むふーと、頭を撫でられて気持ち良さそうなシュリを見て、ルフさんも撫でてみてくださいと言ってくるので、撫でてあげる。おぉ、ルフさんの髪質も良いし、いつまでも触っていたい感じだよ。
「おぉ、ヨグセラピーとかできそうですね。なにか癒やしの力とか流してません?」
「でしょう、でしょう? ルフもわかったきてわねっ」
仲の良い二人だなぁと眺めていると、尻尾をぺしぺしとリスターがぶつけてくる。
「いちゃいちゃはそれくらいにして、現状を解析するミャン。ガルドン王国の帆船はキャラベル船かガレオン船。大きさは30から40メートルとダリから聞いているミャン」
そろそろ真面目な話に戻る。リスターは空中に大きなボードを映し出すと説明を開始する。というかダリさん、しっかりと情報を集めていたんだ。

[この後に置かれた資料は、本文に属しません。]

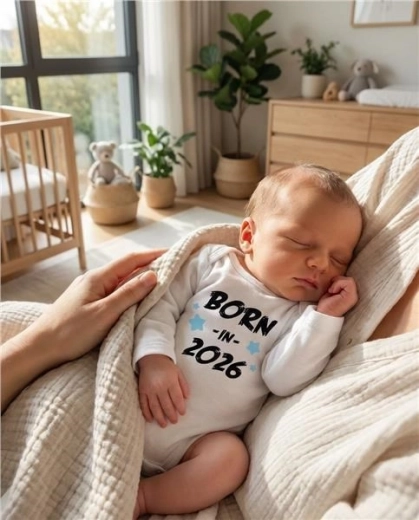 Soft 100% cotton for sensitive skin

凄いや!
ボートにはガルドン王国の船舶や貨物量が推測だろうけど表示してあった。
「南大陸との交易をしていたと話には聞いてるミャンよ」
「うん、ガルドン王国は貿易で栄えている国らしいよ。でも最近は航路に魔物が増えて貿易ができなくなっていたって聞いてる」
僕も情報を集めているのだ。
「殿下、埠頭の規模、近隣の国から訪れる船の数を考えると、南大陸との交易船はそこまでは多くないでしょう」
ゼノンさんたちも話に加わり、シュリとルフさんは僕の髪を編むことに夢中になっている。
ダリさんがボードに指をつけて、数字を書いていく。
「俺が調べたところ、最盛期は一ヶ月で100隻が南大陸と交易をして帰ってきたとか。魔法使いを乗せて交易をする手法が流行った頃ですぜ」
「ダリのいうことを考慮すると、ヨグ様の艦隊の貨物は最盛期よりも多いはずミャ」
「僕たちの船は100メートル級以上。ということは……一隻につきガルドン王国の船よりも27倍の貨物を積んでいることになるのかな?」
ざっとの計算だけど、だいたい当たっていると思う。とすると……えーっと、60隻だから……。

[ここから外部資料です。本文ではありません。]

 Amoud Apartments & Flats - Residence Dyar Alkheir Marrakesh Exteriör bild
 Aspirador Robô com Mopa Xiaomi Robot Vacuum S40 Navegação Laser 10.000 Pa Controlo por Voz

「だいたい1500隻分くらい? 一年分を超える量だね」
「そうミャア、なので、攻略その1、金の泉に溺れさせよう作戦ミャン」
スンスンと鼻を鳴らすリスター。ふむふむ……。それじゃ上手くやらないとね。ガルドン王国は友好国だから、どんどん親睦を深めないと!
港についたら、たくさんの貨物で驚かせようと、ムフフとほくそ笑んじゃうのだった。
「見てください、やはりハーフアップが良いですよ」
「やるわね、ルフ。この部分は網掛けにしない?」
「それならばここをこうして……」
二人ほど会話に加わっていなかったけどね。